▸ **Work to complete**
Your answer must be an exact copy of the lines below, from the first through the one with "Simon Says Dance - Respect - Melanie Amaro", with no pictures.

Start of Given information

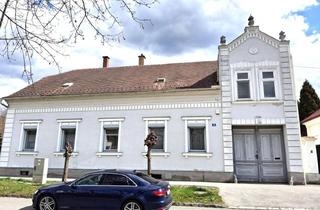 Einfamilienhaus kaufen in Haupstr, 7432 Oberschützen, Einzigartiges Landhaus im Südburgenland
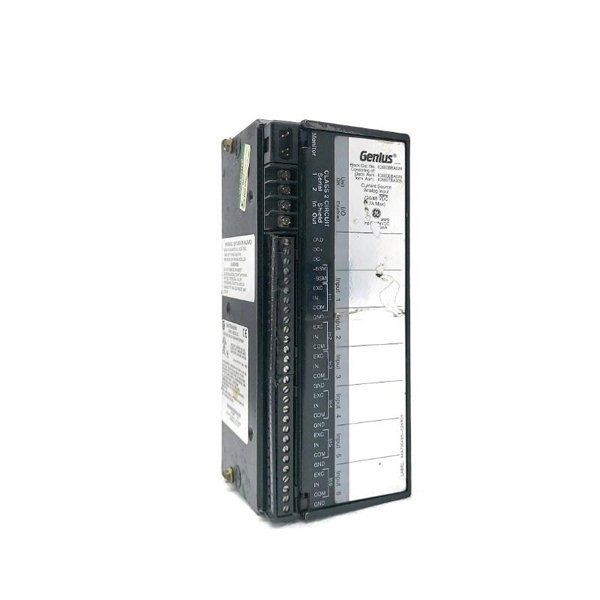 General Electric IC660TBA026 Terminal Assembly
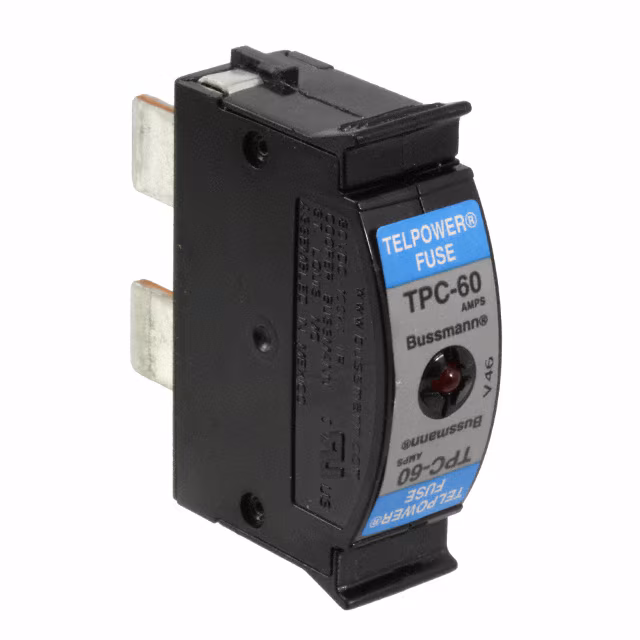 TPC-60 Eaton - Bussmann Electrical Division Fusibili elettrici speciali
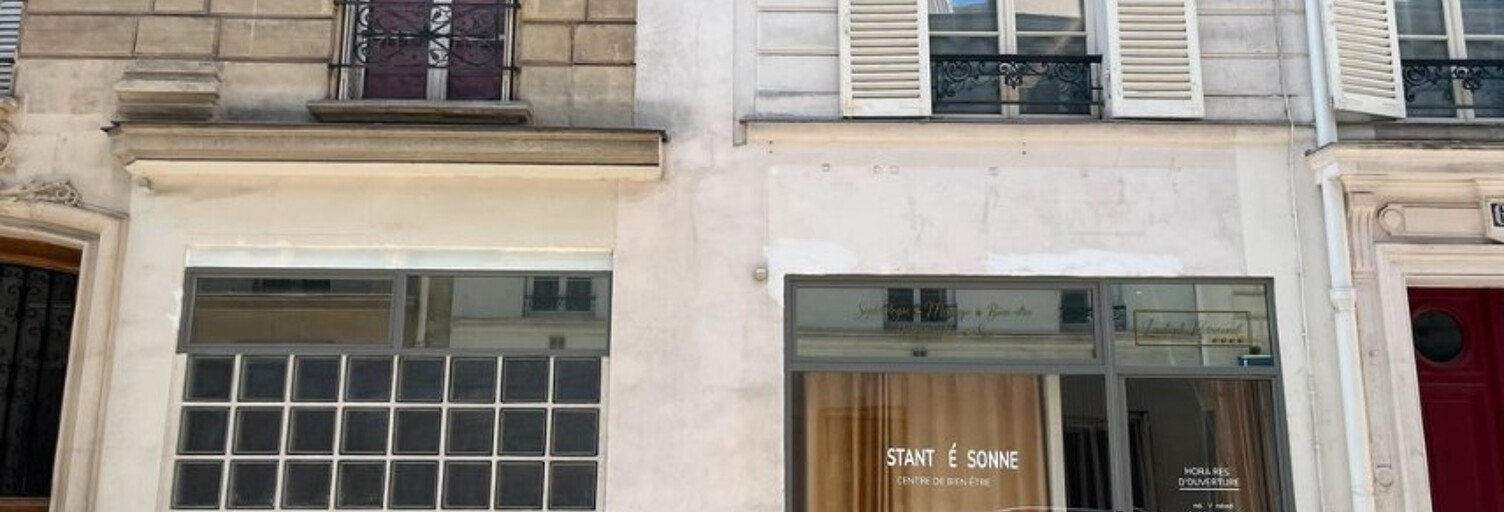 Commerce  84 m² à vendre à Paris 17 (75017)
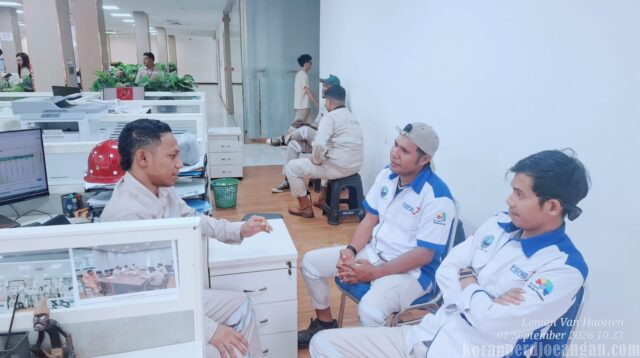 Pengurus SPLP FSPMI Dampingi Penyelesaian Kasus Pekerja Ferronickel, Pastikan Keputusan Tak Merugikan Pekerja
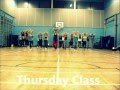 Simon Says Dance - Respect - Melanie Amaro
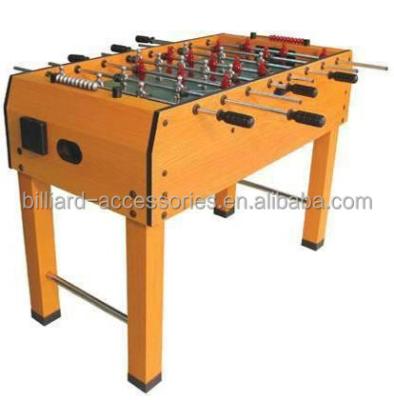 China Best sale football table football table 121.5x61.5x89cm/47.8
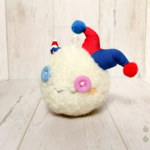 ピエロ化けるけ(赤×青)
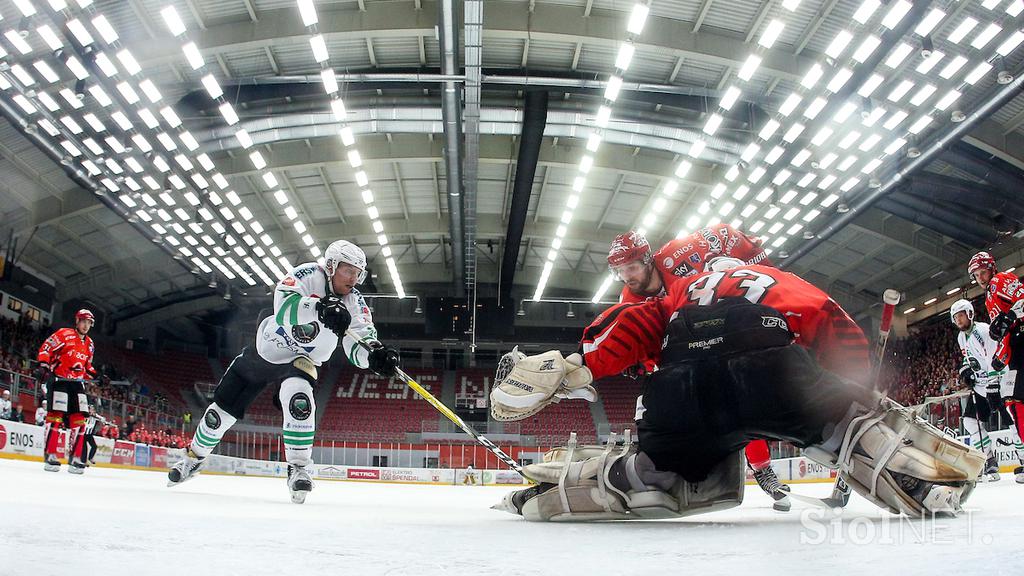 Jesenice Olimpija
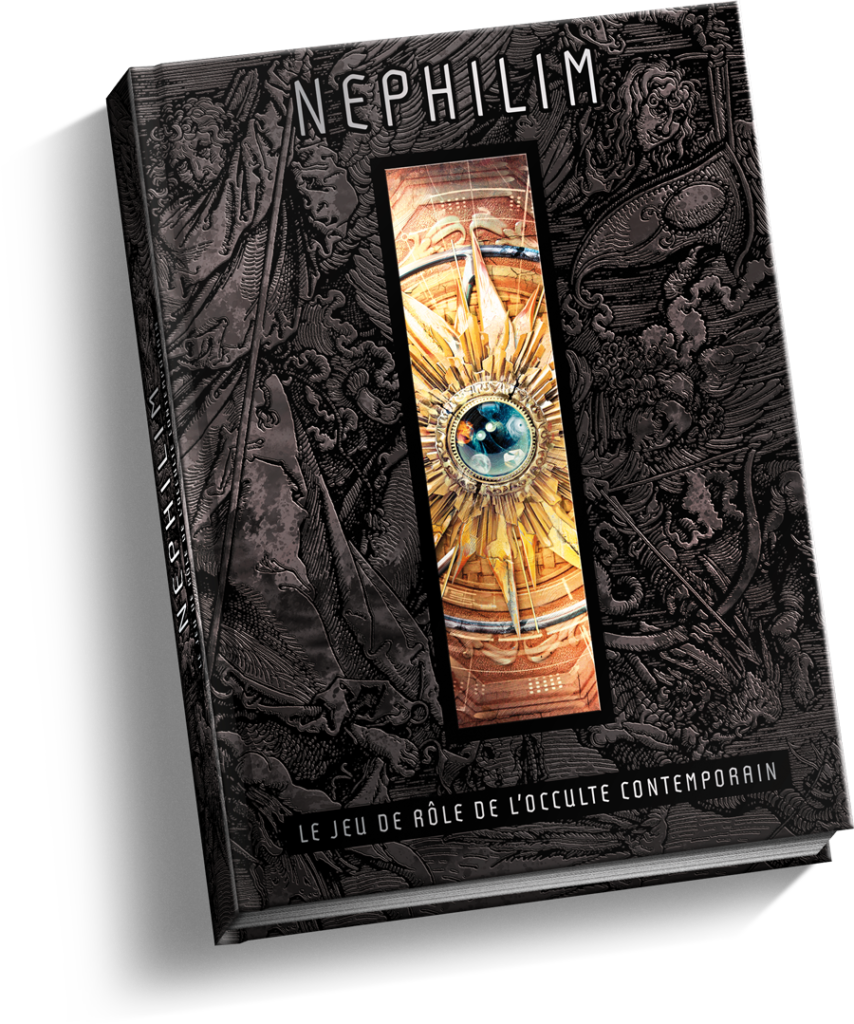 yayashin nephilm cover book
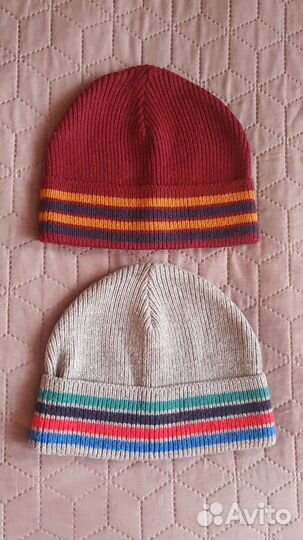 Шапка детская демисезонная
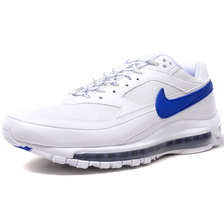 NIKE AIR MAX 97/BW/SKEPTA "SKEPTA" "LIMITED EDITION for NONFUTURE" WHT/BLU/RED AO2113-10画像
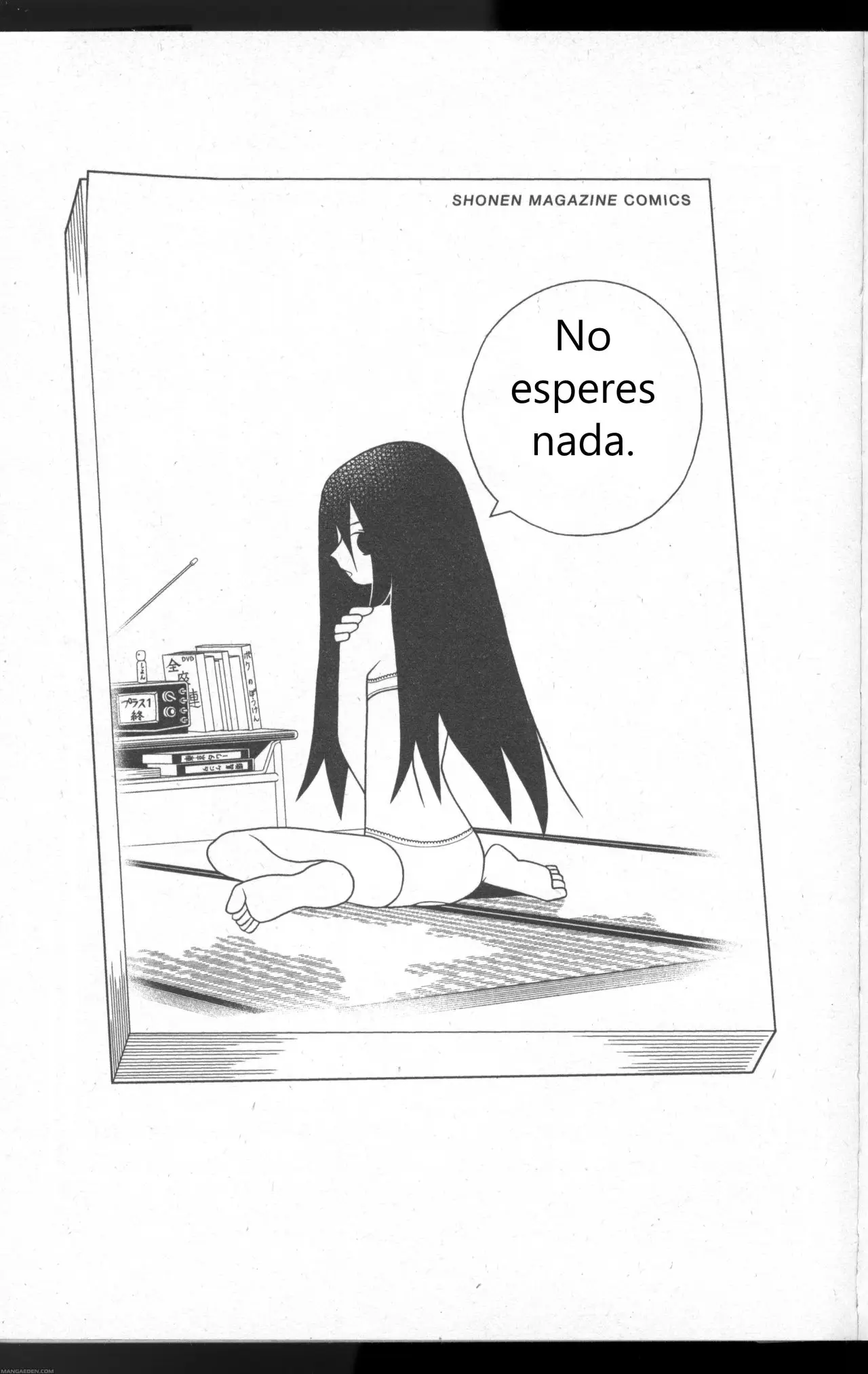 Sayonara Zetsubou Sensei (2005) - Capítulo 58 - Página 14 - LectorTMOo
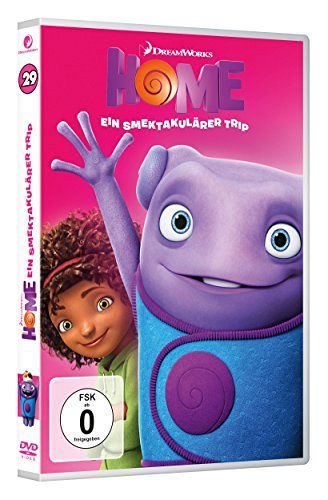 Home - Ein smektakulärer Trip [DVD]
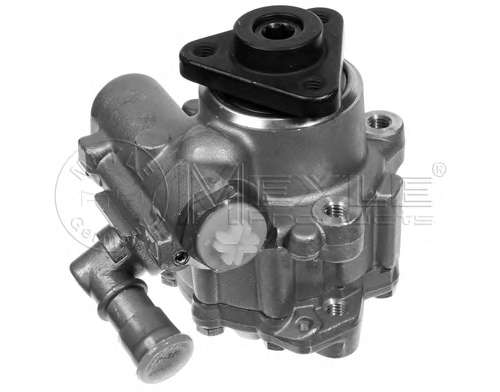 Гидравлический насос, рулевое управление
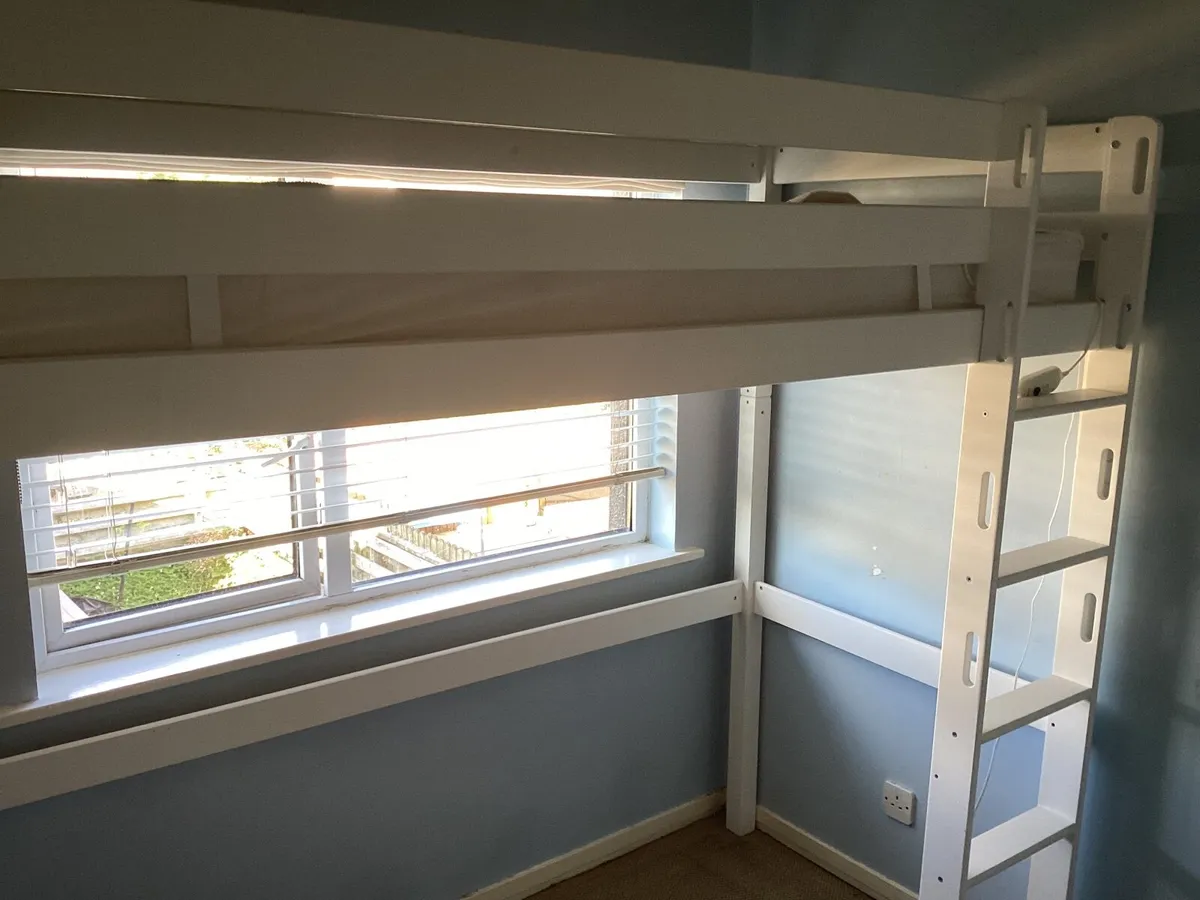 High sleeper bed - Image 3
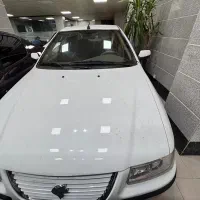 سمند ef7 مدل ۱۳۹۶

End of Given information

▸ **Response for this exercise**
 Einfamilienhaus kaufen in Haupstr, 7432 Oberschützen, Einzigartiges Landhaus im Südburgenland
 General Electric IC660TBA026 Terminal Assembly
 TPC-60 Eaton - Bussmann Electrical Division Fusibili elettrici speciali
 Commerce  84 m² à vendre à Paris 17 (75017)
 Pengurus SPLP FSPMI Dampingi Penyelesaian Kasus Pekerja Ferronickel, Pastikan Keputusan Tak Merugikan Pekerja
 Simon Says Dance - Respect - Melanie Amaro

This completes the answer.